How Amazon's 16,000 Job Cuts Align With Firm Restructuring

Amazon has confirmed plans to cut 16,000 jobs as part of its organisational restructuring, affecting employees across multiple regions including the US, Canada and Costa Rica.
Beth Galetti, Senior Vice President of People Experience and Technology at Amazon, addressed the cuts in a blog post on Amazon News. "I recognise this is difficult news, which is why I am sharing what is happening and why," Beth writes.
"As I shared in October, we have been working to strengthen our organisation by reducing layers, increasing ownership and removing bureaucracy. While many teams finalised their organisational changes in October, other teams did not complete that work until now."
Beth confirmed that Amazon is working with the 16,000 affected employees to "support everyone whose role is impacted".
Communication about the redundancies
Prior to the official announcement, employees received indication of the cuts through an email draft from Colleen Aubrey, a Senior Vice President at Amazon Web Services (AWS), which appeared as part of a calendar invitation sent to Amazon workers on 27 January. This invitation was removed shortly after.
According to the BBC, the invitation was titled "Send Project Dawn email", which is a term the firm is reported to use to reference job cuts.
"This is a continuation of the work we have been doing for more than a year to strengthen the company by reducing layers, increasing ownership and removing bureaucracy, so that we can move faster for companies," the email says, according to the BBC.
The message acknowledged the impact on staff: "Changes like this are hard on everyone. These decisions are difficult and made thoughtfully as we position our organisation and AWS for future success."
The reasoning behind workforce changes
These cuts follow an earlier round of 14,000 job reductions announced in October 2024.
At the firm's quarter earnings call on 30 October, CEO Andy Jassy addressed the decision, stating it was not based on financial grounds.
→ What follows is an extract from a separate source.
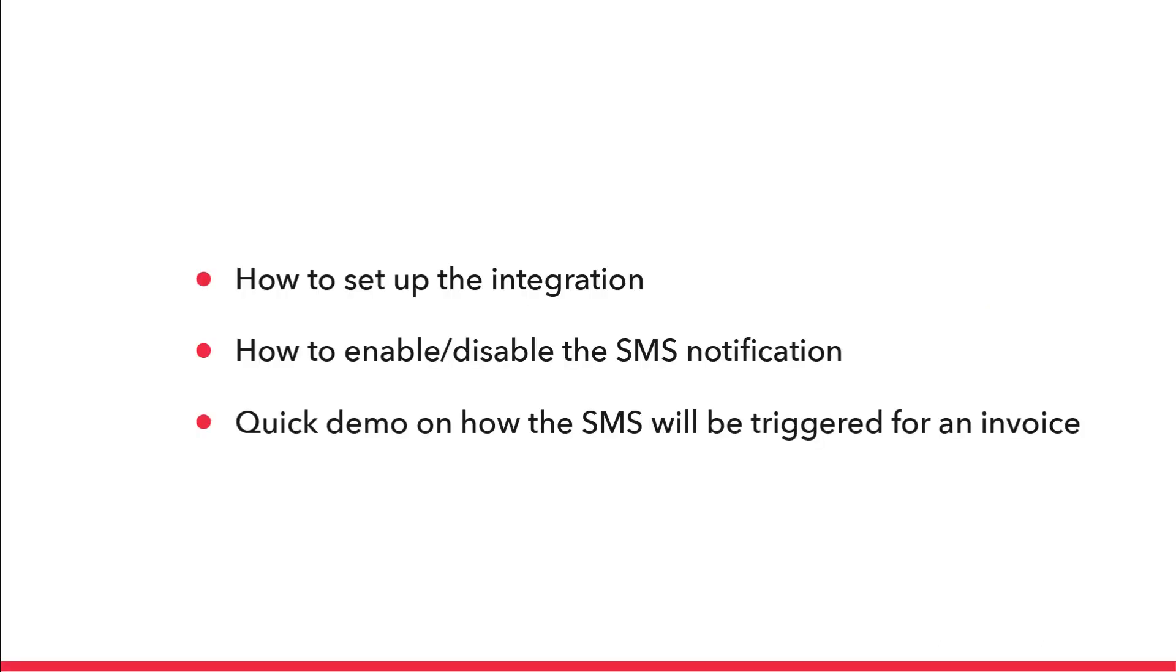So, in this video, we have seen how to set up the Twilio integration with Zoho Books, how to enable or disable SMS notifications specific to contacts and contact persons, and we have also seen how to trigger an SMS for regular invoice and for payment thank yous.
"The announcement that we made a few days ago was not really financially driven and it is not even really artificial intelligence (AI) driven, not right now," Andy says, attributing the cuts to organisational culture instead.
Andy explains the rationale: "You end up with a lot more people than what you had before, and you end up with a lot more layers. Sometimes without realising it, you can weaken the ownership of the people that you have who are doing the actual work and who own most of the two-way door decisions."
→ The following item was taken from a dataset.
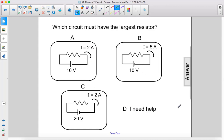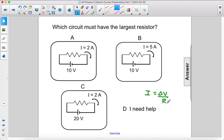Which circuit must have the largest resistor? All right, so we have the voltage and current, so if we take Ohm's law and we rearrange for resistance, we have voltage over current.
Return to office requirements
The workforce reductions coincide with broader changes to working arrangements at Amazon.
In late 2024, Andy issued a memo requiring corporate staff to return to the office full-time, ending the company's previous hybrid work policy.
The CEO has positioned these changes as necessary for Amazon to operate like "the world's largest startup", an approach he says demands "a mix of constant invention, high ownership, strong urgency and shared commitment" and aims to "increase the ratio of individual contributors to managers, improve innovation and deepen collaboration" by flattening the organisation.
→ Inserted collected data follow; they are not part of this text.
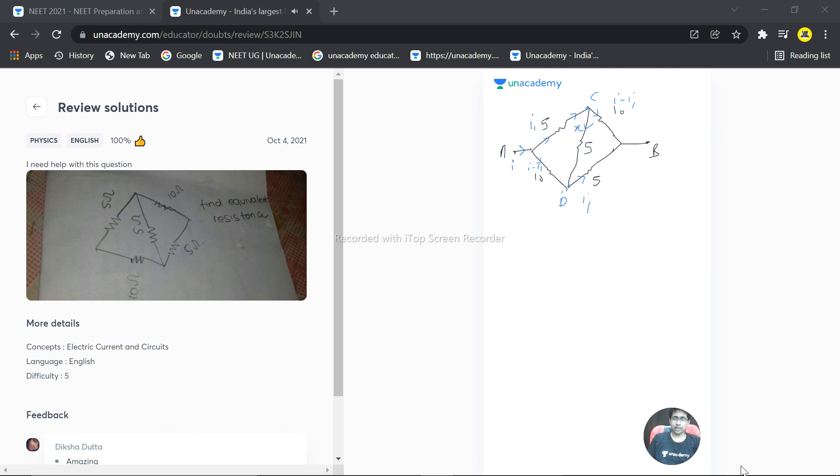Let's say that remaining X amount of current is going into this branch out of the I1. So I1 is basically dividing into X and I minus I. So the value of X becomes 2I1 minus I.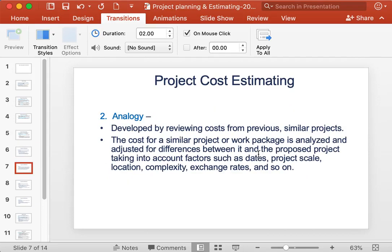Another method of estimating project cost is using analogy. This is done by reviewing costs from previous similar projects. The cost of a similar project or work package is analyzed and adjusted for the differences between the project being compared with and the proposed project, taking into account factors such as date, project scale, location, complexity, exchange rates, and inflation.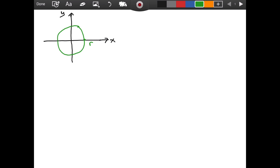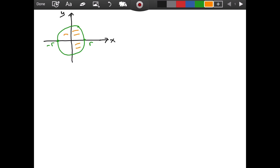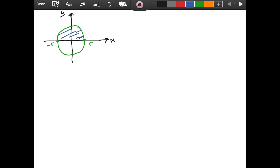Now, I want you to understand that this is a very symmetrical picture. These four pieces have equal areas, and the upper and lower halves have the same area. This is very important because the way we will approach this question is by calculating the area of the upper half and then multiplying that area by 2 to get the complete area of the circle.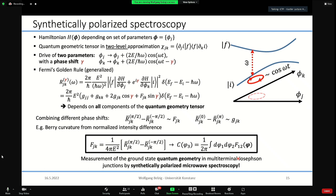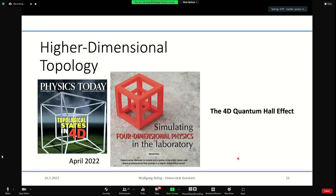I have 20 minutes left — perfect. We have some recipes, and at the end there is a list of all the references — you can also just search my name in the arXiv and find all the papers with details about the different systems, parameters, and requirements. Now let me come to the main word in the title: higher dimensional topology.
In his 2024 letter to shareholders, Andy emphasised the importance of pace in decision making: "Speed is a leadership decision. The leadership team has to believe it is a priority, reinforce it constantly, organise and remove structural barriers and build in modular ways that enable pace.
"But speed does not happen unless the entire company and culture embrace it."
The 16,000 job cuts represent a continuation of Amazon's efforts to restructure its workforce and reduce management layers across the organisation, with affected employees now facing transition as the company implements these changes.